_The problem:_ Print nothing except the lines of the listing below from the line with "Beautiful Holland Lop baby bunnies - Photo 6" to the line with "スタンダードプードル【千葉県", each exactly as written, both ends included.
+ + + +
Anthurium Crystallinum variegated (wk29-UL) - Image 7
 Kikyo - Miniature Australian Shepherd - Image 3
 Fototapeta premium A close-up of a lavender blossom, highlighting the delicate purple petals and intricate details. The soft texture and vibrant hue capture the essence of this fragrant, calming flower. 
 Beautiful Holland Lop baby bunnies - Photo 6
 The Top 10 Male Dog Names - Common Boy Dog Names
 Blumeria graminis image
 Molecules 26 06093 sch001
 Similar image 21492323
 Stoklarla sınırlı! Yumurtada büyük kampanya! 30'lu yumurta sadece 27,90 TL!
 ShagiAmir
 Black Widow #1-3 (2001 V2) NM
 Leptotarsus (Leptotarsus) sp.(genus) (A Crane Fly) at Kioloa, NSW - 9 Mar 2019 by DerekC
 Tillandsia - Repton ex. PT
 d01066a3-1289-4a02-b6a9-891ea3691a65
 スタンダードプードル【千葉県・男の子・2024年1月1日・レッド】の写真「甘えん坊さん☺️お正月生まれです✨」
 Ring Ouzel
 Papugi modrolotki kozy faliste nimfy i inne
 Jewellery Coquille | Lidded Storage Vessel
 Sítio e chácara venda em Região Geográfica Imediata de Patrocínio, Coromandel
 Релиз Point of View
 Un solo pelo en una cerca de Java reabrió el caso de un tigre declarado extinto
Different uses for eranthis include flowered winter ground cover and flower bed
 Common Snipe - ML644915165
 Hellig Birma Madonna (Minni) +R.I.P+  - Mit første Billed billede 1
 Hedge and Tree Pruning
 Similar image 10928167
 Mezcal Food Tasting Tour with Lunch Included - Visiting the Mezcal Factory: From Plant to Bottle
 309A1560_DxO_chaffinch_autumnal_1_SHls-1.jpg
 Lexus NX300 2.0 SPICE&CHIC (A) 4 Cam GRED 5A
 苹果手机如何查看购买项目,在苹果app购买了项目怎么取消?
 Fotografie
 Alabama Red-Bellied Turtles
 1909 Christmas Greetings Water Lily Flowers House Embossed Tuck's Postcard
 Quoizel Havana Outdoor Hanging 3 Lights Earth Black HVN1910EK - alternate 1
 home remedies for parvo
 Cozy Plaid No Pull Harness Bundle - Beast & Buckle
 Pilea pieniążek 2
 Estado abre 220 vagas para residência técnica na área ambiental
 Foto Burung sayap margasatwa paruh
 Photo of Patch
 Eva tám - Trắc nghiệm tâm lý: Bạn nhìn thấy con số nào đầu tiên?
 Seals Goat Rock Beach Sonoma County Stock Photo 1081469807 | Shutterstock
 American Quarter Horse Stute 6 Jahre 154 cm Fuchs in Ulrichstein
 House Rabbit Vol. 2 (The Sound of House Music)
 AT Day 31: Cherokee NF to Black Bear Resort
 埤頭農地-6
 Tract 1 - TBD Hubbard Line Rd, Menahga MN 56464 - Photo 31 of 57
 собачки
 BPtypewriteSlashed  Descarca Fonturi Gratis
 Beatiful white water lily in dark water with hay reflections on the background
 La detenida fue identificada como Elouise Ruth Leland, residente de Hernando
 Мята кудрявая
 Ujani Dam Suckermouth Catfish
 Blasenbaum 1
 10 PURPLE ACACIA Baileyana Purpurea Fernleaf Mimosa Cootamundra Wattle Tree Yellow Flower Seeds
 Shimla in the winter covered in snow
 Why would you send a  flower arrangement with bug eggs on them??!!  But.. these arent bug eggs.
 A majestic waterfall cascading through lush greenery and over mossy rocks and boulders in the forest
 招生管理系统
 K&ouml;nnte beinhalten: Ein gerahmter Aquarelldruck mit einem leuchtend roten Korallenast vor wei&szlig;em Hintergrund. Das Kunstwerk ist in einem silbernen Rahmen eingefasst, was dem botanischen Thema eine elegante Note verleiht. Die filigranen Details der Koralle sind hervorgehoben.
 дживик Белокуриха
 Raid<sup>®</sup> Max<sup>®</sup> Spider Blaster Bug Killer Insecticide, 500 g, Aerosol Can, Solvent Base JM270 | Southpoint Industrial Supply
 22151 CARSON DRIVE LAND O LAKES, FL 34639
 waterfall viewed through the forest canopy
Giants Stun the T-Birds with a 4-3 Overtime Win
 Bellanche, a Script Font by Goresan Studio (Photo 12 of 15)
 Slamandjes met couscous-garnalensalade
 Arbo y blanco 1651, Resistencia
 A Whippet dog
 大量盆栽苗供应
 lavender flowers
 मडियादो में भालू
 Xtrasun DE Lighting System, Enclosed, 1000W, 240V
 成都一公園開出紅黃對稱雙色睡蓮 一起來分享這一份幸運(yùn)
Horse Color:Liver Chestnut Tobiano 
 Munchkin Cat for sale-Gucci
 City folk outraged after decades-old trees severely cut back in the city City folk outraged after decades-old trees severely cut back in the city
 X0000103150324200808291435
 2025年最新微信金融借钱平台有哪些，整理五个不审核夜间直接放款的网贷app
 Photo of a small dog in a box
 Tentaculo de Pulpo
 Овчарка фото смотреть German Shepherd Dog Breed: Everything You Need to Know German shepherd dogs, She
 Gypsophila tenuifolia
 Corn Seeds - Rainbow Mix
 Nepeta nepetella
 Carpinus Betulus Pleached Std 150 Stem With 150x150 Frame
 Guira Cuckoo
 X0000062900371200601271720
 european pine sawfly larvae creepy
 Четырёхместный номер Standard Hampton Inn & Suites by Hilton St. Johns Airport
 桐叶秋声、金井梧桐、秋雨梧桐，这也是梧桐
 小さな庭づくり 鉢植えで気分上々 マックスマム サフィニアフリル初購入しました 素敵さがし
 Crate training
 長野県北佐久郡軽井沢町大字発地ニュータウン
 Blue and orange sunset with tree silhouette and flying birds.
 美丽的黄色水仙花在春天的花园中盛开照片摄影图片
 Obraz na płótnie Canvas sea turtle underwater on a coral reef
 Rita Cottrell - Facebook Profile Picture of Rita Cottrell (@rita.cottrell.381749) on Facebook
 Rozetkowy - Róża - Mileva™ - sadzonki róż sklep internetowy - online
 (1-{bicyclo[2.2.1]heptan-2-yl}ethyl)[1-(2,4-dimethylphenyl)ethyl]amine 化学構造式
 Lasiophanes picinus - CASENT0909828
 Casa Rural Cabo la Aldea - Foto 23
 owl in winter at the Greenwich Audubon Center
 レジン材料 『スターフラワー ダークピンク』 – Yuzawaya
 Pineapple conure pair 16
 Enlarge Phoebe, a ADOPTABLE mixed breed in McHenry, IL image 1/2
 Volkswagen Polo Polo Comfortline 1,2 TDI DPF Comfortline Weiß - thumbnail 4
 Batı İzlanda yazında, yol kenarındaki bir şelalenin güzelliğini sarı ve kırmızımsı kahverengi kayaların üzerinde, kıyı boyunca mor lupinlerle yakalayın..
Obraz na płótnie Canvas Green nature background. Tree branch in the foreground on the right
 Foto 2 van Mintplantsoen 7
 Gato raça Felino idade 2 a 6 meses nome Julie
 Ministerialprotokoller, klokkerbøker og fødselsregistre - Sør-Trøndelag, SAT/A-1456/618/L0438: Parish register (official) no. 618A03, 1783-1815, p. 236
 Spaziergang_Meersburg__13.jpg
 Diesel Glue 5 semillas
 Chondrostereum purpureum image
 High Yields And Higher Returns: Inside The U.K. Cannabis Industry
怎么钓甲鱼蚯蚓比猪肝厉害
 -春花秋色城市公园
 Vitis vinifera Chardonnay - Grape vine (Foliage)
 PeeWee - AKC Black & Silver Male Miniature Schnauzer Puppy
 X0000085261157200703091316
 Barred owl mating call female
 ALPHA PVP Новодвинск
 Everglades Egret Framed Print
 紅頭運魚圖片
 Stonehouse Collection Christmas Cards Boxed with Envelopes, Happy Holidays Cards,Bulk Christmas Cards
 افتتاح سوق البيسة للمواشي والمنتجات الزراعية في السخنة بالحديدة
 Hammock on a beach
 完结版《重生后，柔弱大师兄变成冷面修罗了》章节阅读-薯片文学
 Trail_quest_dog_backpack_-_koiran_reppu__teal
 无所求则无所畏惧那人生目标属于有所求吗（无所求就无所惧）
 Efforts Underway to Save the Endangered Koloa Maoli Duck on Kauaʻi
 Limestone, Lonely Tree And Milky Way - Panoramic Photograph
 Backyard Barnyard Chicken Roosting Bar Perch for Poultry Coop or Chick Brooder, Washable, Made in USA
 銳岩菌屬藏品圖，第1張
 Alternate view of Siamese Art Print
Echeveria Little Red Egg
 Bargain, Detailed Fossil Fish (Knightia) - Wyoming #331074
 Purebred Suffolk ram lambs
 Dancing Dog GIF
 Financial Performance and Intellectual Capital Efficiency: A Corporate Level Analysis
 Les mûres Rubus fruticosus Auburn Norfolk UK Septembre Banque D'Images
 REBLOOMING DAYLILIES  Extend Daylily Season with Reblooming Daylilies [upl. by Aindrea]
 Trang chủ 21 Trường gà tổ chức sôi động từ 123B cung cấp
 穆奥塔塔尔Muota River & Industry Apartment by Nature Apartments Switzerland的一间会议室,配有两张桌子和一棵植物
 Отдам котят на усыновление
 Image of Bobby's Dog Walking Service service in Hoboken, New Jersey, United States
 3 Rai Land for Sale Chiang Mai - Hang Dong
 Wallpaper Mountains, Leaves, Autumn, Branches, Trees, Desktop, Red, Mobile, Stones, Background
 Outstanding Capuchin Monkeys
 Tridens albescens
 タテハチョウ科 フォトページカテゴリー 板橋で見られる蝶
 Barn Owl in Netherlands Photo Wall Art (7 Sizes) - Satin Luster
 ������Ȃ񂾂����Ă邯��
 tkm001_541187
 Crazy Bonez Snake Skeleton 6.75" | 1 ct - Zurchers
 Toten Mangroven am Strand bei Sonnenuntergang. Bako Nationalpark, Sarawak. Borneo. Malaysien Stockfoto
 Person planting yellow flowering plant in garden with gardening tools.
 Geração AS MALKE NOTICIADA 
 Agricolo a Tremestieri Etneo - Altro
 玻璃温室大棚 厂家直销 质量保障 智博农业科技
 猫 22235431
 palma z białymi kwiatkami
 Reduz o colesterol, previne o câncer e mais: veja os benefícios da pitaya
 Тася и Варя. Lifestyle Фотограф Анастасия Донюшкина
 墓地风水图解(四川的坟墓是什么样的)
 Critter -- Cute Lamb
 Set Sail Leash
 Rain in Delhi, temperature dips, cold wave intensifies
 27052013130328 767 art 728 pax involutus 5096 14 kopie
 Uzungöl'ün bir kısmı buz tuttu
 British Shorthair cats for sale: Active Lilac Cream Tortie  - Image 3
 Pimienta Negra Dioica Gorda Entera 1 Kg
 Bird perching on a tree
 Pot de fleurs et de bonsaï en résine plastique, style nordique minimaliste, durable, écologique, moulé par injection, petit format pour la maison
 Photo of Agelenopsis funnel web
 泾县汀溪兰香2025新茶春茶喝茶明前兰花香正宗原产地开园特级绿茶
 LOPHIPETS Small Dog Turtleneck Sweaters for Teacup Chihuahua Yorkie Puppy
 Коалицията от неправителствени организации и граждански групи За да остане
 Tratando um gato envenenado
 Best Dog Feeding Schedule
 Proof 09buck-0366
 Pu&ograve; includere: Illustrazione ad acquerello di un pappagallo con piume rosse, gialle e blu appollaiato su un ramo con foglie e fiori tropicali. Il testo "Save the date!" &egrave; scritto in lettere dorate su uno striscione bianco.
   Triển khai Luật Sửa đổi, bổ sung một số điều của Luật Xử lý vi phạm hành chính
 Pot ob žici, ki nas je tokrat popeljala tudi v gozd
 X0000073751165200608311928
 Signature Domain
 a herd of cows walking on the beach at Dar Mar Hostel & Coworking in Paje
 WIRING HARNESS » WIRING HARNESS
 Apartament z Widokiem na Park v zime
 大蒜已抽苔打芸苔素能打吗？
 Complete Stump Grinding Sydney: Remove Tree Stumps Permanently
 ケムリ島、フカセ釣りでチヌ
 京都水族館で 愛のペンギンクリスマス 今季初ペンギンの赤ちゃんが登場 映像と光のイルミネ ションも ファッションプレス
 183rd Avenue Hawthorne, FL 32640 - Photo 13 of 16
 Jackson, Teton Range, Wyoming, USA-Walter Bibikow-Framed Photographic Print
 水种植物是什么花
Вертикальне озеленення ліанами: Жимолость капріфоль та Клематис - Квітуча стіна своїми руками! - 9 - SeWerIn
+ + + +
_Answer to this exercise:_
 Beautiful Holland Lop baby bunnies - Photo 6
 The Top 10 Male Dog Names - Common Boy Dog Names
 Blumeria graminis image
 Molecules 26 06093 sch001
 Similar image 21492323
 Stoklarla sınırlı! Yumurtada büyük kampanya! 30'lu yumurta sadece 27,90 TL!
 ShagiAmir
 Black Widow #1-3 (2001 V2) NM
 Leptotarsus (Leptotarsus) sp.(genus) (A Crane Fly) at Kioloa, NSW - 9 Mar 2019 by DerekC
 Tillandsia - Repton ex. PT
 d01066a3-1289-4a02-b6a9-891ea3691a65
 スタンダードプードル【千葉県・男の子・2024年1月1日・レッド】の写真「甘えん坊さん☺️お正月生まれです✨」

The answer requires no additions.